Ray Ortlund: He’s familiar too.
Sam Allberry: Yeah. And it’s what we’ve trained ourselves for many years to be like. And so, Paul always seems to suggest that there’s a mindset shift that has to happen before we attempt to live out the Christian life. So, he talks about, I think I’m right in saying the first explicit command in Romans is “consider yourselves dead to sin.” And that’s a mindset command, isn’t it? It’s not, “Hey, go and do this. Go and stop that.” It’s think about yourself differently in your relationship to sin because that relationship’s now changed.
Ray Ortlund: Sam, the Bible has a lot to say about idols, which can take the form of little figurines and so forth, but they’re really mental constructs. When the Bible talks about idolatries as destructive of the lives we actually want to live, how do we see that in this connection?

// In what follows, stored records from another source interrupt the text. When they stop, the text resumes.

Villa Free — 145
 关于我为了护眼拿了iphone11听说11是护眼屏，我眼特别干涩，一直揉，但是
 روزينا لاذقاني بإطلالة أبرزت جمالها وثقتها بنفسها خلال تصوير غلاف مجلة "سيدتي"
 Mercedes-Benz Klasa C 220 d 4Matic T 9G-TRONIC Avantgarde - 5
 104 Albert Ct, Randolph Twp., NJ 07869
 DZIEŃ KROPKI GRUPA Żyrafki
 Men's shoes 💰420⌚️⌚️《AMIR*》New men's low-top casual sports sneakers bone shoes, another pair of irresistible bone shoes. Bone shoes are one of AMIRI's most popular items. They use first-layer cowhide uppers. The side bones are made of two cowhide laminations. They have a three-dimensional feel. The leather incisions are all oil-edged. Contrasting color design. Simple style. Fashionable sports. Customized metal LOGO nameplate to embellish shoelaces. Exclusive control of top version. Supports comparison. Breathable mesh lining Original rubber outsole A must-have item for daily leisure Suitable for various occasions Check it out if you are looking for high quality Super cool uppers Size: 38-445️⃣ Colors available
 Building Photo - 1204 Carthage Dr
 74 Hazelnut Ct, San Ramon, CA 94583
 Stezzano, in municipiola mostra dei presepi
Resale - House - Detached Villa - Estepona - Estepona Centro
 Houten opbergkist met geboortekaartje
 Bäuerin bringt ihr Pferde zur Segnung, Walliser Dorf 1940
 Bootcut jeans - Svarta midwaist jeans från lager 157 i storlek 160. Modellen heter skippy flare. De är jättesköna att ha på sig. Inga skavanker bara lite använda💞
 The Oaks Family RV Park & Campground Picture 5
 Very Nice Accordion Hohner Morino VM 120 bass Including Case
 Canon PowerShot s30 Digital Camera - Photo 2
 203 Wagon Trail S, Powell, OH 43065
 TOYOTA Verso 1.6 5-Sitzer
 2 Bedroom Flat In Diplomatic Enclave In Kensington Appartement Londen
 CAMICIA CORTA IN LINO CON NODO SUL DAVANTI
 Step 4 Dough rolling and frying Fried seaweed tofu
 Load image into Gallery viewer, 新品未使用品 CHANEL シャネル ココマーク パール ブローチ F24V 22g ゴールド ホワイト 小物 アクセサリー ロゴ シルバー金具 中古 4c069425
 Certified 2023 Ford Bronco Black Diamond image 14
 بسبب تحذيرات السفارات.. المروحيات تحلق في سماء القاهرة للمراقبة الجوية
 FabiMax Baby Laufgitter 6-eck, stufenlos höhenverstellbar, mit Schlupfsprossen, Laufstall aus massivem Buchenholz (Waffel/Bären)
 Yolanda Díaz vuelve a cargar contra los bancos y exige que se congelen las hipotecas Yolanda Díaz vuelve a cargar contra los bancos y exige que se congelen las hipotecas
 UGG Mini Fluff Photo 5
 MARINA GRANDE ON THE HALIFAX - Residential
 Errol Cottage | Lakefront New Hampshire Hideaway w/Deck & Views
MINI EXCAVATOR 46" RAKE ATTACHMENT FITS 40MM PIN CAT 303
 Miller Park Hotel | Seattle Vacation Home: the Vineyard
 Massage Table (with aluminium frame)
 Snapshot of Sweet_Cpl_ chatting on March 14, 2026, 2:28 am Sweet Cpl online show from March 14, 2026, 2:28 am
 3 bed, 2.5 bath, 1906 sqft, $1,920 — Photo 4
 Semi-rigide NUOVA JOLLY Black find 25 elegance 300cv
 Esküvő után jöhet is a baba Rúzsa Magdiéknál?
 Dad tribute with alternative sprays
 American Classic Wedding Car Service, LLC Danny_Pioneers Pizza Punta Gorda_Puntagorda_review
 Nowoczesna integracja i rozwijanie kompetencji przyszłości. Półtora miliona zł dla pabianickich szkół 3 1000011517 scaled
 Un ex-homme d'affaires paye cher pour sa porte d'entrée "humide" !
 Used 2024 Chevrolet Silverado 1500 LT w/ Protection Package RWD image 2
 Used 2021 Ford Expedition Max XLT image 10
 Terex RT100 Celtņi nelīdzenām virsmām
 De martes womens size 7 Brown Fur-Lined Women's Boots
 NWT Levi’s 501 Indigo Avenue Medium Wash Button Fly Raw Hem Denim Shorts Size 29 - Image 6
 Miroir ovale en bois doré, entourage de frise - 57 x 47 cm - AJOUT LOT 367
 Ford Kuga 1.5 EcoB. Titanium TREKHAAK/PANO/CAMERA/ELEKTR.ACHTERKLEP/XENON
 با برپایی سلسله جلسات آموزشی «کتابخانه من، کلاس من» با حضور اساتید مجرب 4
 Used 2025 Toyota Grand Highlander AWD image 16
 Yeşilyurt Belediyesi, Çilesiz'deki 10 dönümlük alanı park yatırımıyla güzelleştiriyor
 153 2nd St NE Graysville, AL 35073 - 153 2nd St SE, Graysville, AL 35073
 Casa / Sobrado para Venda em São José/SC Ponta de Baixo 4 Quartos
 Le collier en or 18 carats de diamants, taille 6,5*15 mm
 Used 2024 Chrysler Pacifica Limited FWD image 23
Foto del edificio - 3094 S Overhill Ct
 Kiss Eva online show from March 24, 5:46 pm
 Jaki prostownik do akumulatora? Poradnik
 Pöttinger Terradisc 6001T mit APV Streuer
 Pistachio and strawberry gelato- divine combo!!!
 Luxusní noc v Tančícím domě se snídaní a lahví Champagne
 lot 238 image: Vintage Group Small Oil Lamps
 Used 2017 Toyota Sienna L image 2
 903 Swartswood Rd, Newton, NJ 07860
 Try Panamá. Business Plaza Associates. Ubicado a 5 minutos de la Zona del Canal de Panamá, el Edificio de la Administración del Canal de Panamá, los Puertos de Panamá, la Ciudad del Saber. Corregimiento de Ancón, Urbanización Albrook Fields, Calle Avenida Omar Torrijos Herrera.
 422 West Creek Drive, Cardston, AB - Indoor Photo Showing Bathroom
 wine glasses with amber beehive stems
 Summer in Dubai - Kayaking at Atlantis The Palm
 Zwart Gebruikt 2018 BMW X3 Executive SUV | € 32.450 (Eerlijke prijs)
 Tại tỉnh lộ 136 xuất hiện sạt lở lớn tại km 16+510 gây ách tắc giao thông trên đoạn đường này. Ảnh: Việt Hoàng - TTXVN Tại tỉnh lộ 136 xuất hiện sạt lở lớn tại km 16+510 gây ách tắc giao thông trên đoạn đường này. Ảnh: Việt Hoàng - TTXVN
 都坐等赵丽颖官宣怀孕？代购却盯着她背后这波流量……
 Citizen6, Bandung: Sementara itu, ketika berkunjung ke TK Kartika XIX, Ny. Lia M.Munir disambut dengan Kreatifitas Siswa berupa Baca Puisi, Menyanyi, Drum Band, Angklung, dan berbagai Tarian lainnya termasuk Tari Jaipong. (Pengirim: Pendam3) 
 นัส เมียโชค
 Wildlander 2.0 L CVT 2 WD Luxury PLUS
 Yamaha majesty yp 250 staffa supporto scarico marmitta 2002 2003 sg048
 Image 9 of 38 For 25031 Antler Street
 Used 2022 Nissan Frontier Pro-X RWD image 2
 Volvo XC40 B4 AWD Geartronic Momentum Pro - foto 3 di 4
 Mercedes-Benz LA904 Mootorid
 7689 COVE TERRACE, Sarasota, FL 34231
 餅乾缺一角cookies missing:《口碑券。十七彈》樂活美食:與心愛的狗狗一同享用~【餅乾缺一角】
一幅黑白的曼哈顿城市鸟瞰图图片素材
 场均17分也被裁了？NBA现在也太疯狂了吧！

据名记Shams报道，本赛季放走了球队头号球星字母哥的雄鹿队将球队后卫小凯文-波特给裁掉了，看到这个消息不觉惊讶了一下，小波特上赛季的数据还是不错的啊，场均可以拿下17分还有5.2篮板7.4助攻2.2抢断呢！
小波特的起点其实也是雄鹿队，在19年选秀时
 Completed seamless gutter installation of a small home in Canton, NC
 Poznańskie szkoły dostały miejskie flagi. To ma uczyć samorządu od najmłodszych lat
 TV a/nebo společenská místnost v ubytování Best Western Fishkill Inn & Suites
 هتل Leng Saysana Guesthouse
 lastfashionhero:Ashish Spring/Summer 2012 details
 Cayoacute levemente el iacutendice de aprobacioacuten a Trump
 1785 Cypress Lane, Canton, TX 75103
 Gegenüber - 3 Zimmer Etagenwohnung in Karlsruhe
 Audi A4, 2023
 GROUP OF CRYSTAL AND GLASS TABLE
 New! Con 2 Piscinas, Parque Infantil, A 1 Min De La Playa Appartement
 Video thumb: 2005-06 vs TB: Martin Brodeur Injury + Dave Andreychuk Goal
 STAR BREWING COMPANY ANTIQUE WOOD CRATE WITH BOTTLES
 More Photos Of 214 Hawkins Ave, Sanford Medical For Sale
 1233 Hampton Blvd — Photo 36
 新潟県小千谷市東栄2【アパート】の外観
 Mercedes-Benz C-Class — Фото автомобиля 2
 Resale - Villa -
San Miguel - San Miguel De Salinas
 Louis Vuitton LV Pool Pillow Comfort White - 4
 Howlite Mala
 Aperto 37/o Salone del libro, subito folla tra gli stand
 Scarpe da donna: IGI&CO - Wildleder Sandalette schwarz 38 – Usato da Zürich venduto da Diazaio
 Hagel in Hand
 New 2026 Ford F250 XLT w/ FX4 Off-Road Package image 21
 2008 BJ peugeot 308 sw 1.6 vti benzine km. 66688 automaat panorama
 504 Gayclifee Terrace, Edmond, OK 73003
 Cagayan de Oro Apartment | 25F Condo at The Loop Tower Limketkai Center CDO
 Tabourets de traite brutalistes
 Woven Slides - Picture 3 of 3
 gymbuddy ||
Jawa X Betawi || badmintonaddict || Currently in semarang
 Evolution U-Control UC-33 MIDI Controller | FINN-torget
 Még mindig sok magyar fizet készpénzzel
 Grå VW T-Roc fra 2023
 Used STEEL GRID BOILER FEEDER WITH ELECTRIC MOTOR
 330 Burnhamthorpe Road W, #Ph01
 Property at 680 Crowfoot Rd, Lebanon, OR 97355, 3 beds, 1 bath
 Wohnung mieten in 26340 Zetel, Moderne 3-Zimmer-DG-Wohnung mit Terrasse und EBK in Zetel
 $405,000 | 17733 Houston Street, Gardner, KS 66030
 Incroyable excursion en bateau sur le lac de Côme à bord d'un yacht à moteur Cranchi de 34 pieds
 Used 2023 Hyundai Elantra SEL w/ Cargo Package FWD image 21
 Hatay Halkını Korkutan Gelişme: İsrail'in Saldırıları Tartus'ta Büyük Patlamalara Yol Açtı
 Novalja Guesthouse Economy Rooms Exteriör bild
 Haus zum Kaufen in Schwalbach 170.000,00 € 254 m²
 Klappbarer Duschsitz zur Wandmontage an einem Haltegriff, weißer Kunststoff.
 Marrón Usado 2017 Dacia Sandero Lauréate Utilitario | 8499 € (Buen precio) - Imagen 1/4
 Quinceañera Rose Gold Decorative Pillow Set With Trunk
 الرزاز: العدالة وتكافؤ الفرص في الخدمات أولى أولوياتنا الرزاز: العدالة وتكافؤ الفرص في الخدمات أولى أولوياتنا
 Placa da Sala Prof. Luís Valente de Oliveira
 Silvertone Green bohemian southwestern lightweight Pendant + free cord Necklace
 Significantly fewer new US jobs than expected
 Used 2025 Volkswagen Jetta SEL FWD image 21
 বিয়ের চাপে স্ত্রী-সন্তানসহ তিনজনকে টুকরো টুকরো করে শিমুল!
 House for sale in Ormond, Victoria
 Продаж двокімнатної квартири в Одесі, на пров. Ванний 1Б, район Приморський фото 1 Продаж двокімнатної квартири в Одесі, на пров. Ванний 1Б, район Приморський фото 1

Sam Allberry: Well it’s… I think part of the added… I mean this is always an issue for all people everywhere across time… one of the things I think makes this even more complicated for us in our own cultural moment is our culture is saying “the highest good you can do for yourself is to be who you are, is to be true to yourself.” And so, there is this enormous cultural pressure to discover who we truly are, and search within, and find out who we are. And then that has to be expressed, that has to be lived out, that has to be celebrated by everybody else. And so, the gospel is critiquing the thing that our culture most prizes. And so, it’s likely to be one of the things that we’re going to be least resistant to have changed within our hearts, is that deep sense of who we are, that we’ve been trained by our culture to assume is wonderful and needing of expression and acceptance. So, there’s going to be, you know, blood on the floor.
Ray Ortlund: Yeah. But of course, in Romans Chapter 1, when Paul speaks of false worship and idolatries, he’s talking about simply an excessive identification with an attachment to good things, good God-created things. The Sam Allberry standing here, the Ray Ortlund standing here are good God-created realities. The idolatry enters in when we don’t look higher.
And we’re going to look for finality within ourselves, or between ourselves, but we were never designed to generate our own finality. And if we try, we end up so disappointed and angry. Then, the next domino that falls is we have to take that out on somebody. Somebody is going to pay for my pain. And then society suffers. So, idolatries don’t work, but not because of some alien-forced arbitrary imposition laid upon us, but because of the internal energy of the impossibility we’re attempting.
I had a friend in California who was instrumental in founding the hippie movement of the late ’60s. So, of course, he was one of my heroes. And he said he smoked a lot of weed. And he said, “All my life I’ve tried to sin without feeling guilty. Now, when I sin and I feel bad about it, I realize that’s actually the love of God entering my heart, correcting me, telling me I actually matter, that I have something worth living for. It feels good.” Correction of our idolatries is not the demolition of good God-created reality. It’s the realignment and liberation of our good God-created reality.